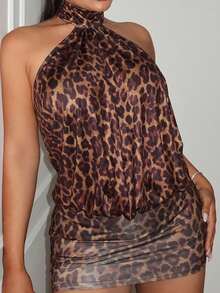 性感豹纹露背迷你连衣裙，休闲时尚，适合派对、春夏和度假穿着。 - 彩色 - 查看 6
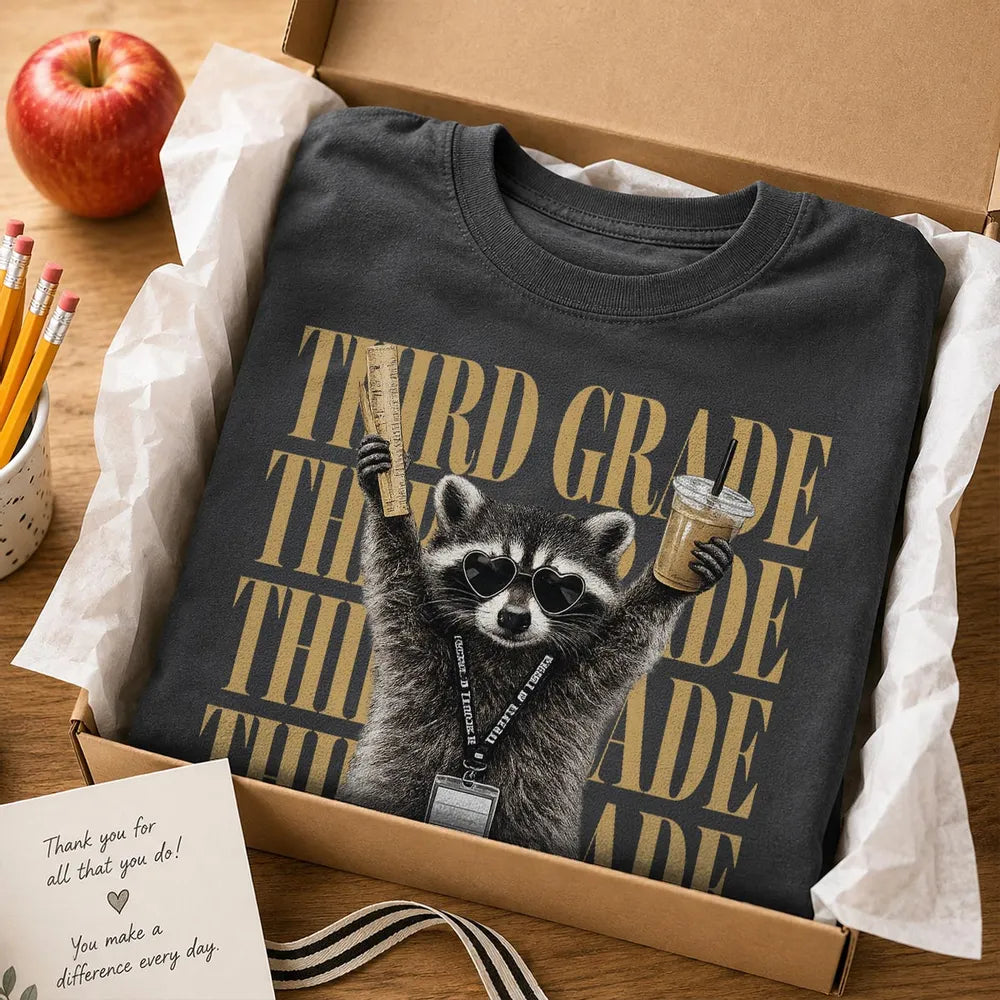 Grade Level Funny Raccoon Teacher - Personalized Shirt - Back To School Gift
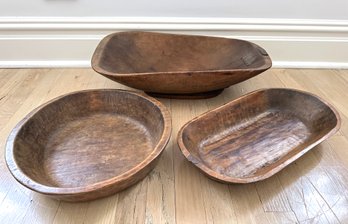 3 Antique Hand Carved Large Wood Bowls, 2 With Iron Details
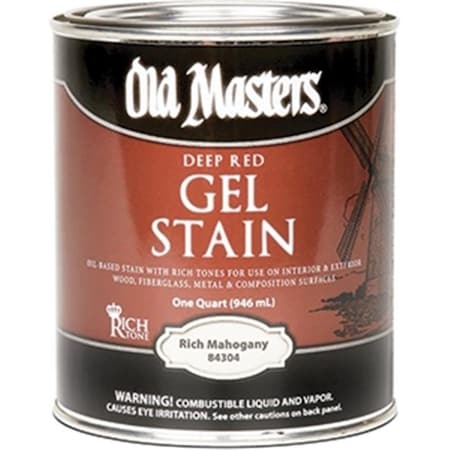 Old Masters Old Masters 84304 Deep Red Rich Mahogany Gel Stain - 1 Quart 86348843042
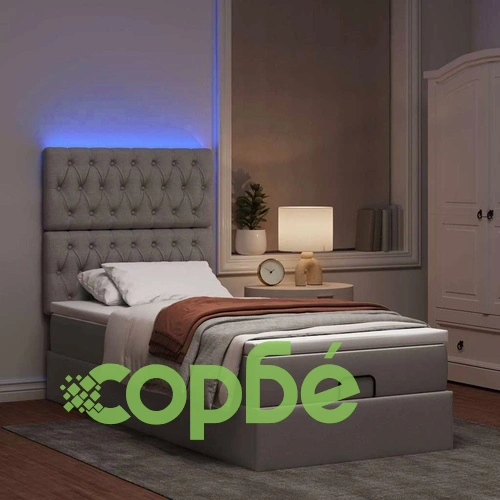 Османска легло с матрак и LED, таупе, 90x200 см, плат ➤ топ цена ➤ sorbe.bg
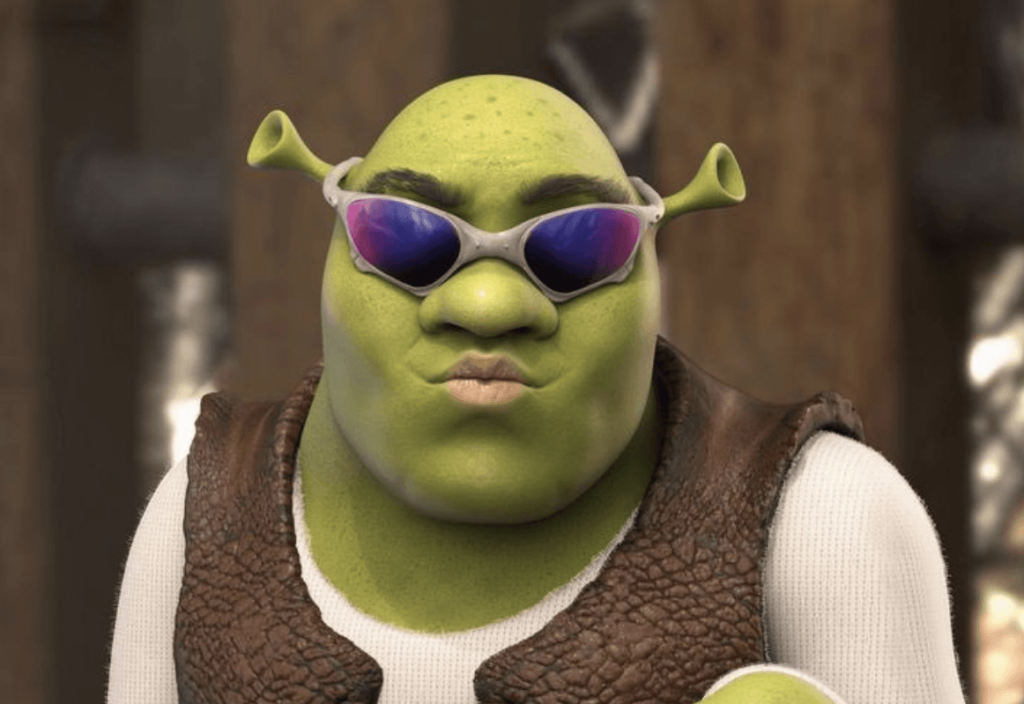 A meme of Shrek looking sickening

________________

All of the records need repeating exactly, except for the pictures.

 性感豹纹露背迷你连衣裙，休闲时尚，适合派对、春夏和度假穿着。 - 彩色 - 查看 6
 Grade Level Funny Raccoon Teacher - Personalized Shirt - Back To School Gift
 3 Antique Hand Carved Large Wood Bowls, 2 With Iron Details
 Old Masters Old Masters 84304 Deep Red Rich Mahogany Gel Stain - 1 Quart 86348843042
 Османска легло с матрак и LED, таупе, 90x200 см, плат ➤ топ цена ➤ sorbe.bg
 A meme of Shrek looking sickening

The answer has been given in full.